Gelet op het verhandelde ter zitting volgt de rechtbank verweerder in zijn stelling dat het afwijken van het bestemmingsplan in dit geval, gelet op het vergroten van de afstand tussen de op te richten pluimveestallen en de woningen van eisers, niet tot een ongunstigere situatie in het kader van het woon- en leefklimaat van eisers zal leiden in vergelijking met de toegestane bouw- en gebruiksmogelijkheden op grond van het bestemmingsplan. Hieruit volgt naar het oordeel van de rechtbank dat verweerder zich op het standpunt heeft kunnen stellen dat er met het afwijken van voormeld bestemmingsplan in dit geval sprake is van een aanvaardbaar woon- en leefklimaat voor eisers sub 1. Ook overigens kan naar het oordeel van de rechtbank niet geconcludeerd worden dat de door verweerder verrichte belangenafweging kennelijk onredelijk is. Deze grond van eisers sub 1 slaagt niet.
Gezondheid
8.1.
Eisers betogen dat verweerder in dit geval onvoldoende rekening heeft gehouden met gezondheidsschade. In dit verband wijzen eisers sub 1 op een driejarig onderzoek van het RIVM, Universiteit Utrecht (IRAS), Wageningen UR en NIVEL, waaruit in hun optiek blijkt dat in de nabijheid van veehouderijen gezondheidsschade (in de vorm van onder meer luchtwegklachten, astma en allergieën) optreedt. Eiser sub 2 stelt in dit verband dat onvoldoende gegarandeerd wordt dat gezondheidsschade door de emissie van fijnstof kan worden voorkomen. Eisers sub 3 wijzen er in dit verband op dat het onvermijdelijk is dat een totaal van 450.000 kuikens (Vorrelveenseweg 3a en Meerweg 30) zal leiden tot gezondheidsschade voor omwonenden. Eisers sub 3 betogen dat het bekend is dat de emissie van fijnstof schadelijk is voor de gezondheid en dat het ’s nachts rijden met een shovel funest is voor de nachtrust. Gelet hierop zijn eisers sub 3 van mening dat de GGD had moeten worden verzocht om een gezondheidsadvies op te stellen voor de aspecten fijnstof, geluid en geur.
8.2.
Verweerder stelt zich op het standpunt dat in hoofdstuk 5.13 van de MER uitgebreid aandacht is besteed aan het gezondheidsaspect.
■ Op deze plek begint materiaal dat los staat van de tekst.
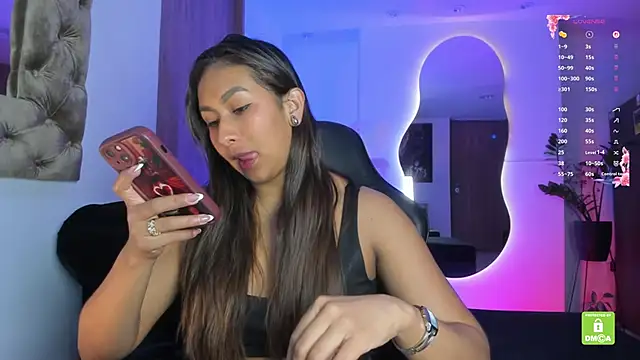 AmelyaMann online show from 09.16.25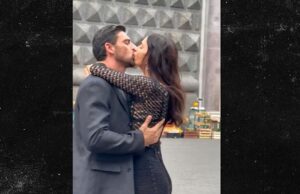 Irina Shayk e Michelle Moron beijarão as tocas em Dolce e Gabbana Irina Shyk-Michel-Moron-Kall-07-27-2025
Onder verwijzing naar vaste jurisprudentie van de AbRvS is verweerder van mening dat degene die vreest voor gezondheidsrisico’s dit aannemelijk dient te maken, omdat de bestaande rapportages (nog) niet worden geacht voldoende onderbouwing te geven voor die risico’s.
8.3.
Met betrekking tot het aspect gezondheid heeft de StAB in de rapportage van 4 april 2017 onder meer het volgende aangegeven. Met betrekking tot fijnstof heeft de StAB in voormelde rapportage geconcludeerd dat de hoogste fijnstofconcentratie (inclusief de bijdrage van de op te richten inrichting aan de Vorrelveenseweg 3a) optreedt ter plaatse van de woning van eisers sub 1 en dat de berekende waarde onder de advieswaarde van de wereldgezondheidsorganisatie WHO ligt. Met betrekking tot geluid heeft de StAB in voormelde rapportage geconcludeerd dat de vergunde geluidgrenswaarden niet zullen leiden tot gezondheidsrisico’s. Met betrekking tot geur heeft de StAB in voormelde rapportage te kennen gegeven dat op grond van de GGD-richtlijn ‘Geur en gezondheid; GGD-richtlijn medische milieukunde’ uit 2015 de geursituatie ter plaatse van de woningen van eisers sub 1 en sub 3 in beginsel ongewenst is. Volgens de StAB blijkt uit voormelde richtlijn dat met name advies aan de GGD wordt gevraagd in het stadium van de ruimtelijke planvorming. In dit geval heeft verweerder er volgens de StAB voor gekozen om geen advies aan de GGD te vragen.
8.4.
Indien door het in werking zijn van een inrichting nadelige gevolgen voor de volksgezondheid kunnen ontstaan, moeten deze gelet op artikel 1.1, tweede lid, aanhef en onder a, van de Wm, gelezen in verbinding met de artikelen 1.1, tweede lid, en 2.14, eerste lid, aanhef en onder a, aanhef en onder 2°, van de Wabo, als gevolg voor het milieu bij de beoordeling van de aanvraag worden betrokken (vgl. AbRvS, 14 januari 2015, ECLI:NL: RVS:2015:40).
8.5.
De rechtbank stelt voorop dat voor diverse milieuonderdelen die van invloed kunnen zijn op de volksgezondheid wettelijke en beleidsmatige toetsingskaders zijn gevormd, veelal op basis van heersende wetenschappelijke inzichten. Het ligt op de weg van degene die zich op het bestaan van een risico voor de volksgezondheid beroept om, aan de hand van algemeen aanvaarde wetenschappelijke inzichten, aannemelijk te maken dat deze toetsingskaders niet toereikend zijn om onaanvaardbare risico’s voor de volksgezondheid te voorkomen. Uit rechtsoverweging 7.13.3. volgt dat verweerder zich naar het oordeel van de rechtbank op het standpunt heeft kunnen stellen dat er met het afwijken van voormeld bestemmingsplan in dit geval sprake is van een aanvaardbaar woon- en leefklimaat voor eisers. Gelet hierop heeft verweerder naar het oordeel van de rechtbank geen aanleiding hoeven zien om een GGD-advies in te winnen. Deze grond van eisers slaagt niet.
Conclusie
9. Gelet op voorgaande overwegingen zijn de beroepen van eisers ongegrond. Voor een proceskostenveroordeling, als bedoeld in artikel 8:75 van de Awb, bestaat geen aanleiding.
Beslist wordt als volgt.
Beslissing
De rechtbank:
- verklaart de beroepen van eisers ongegrond.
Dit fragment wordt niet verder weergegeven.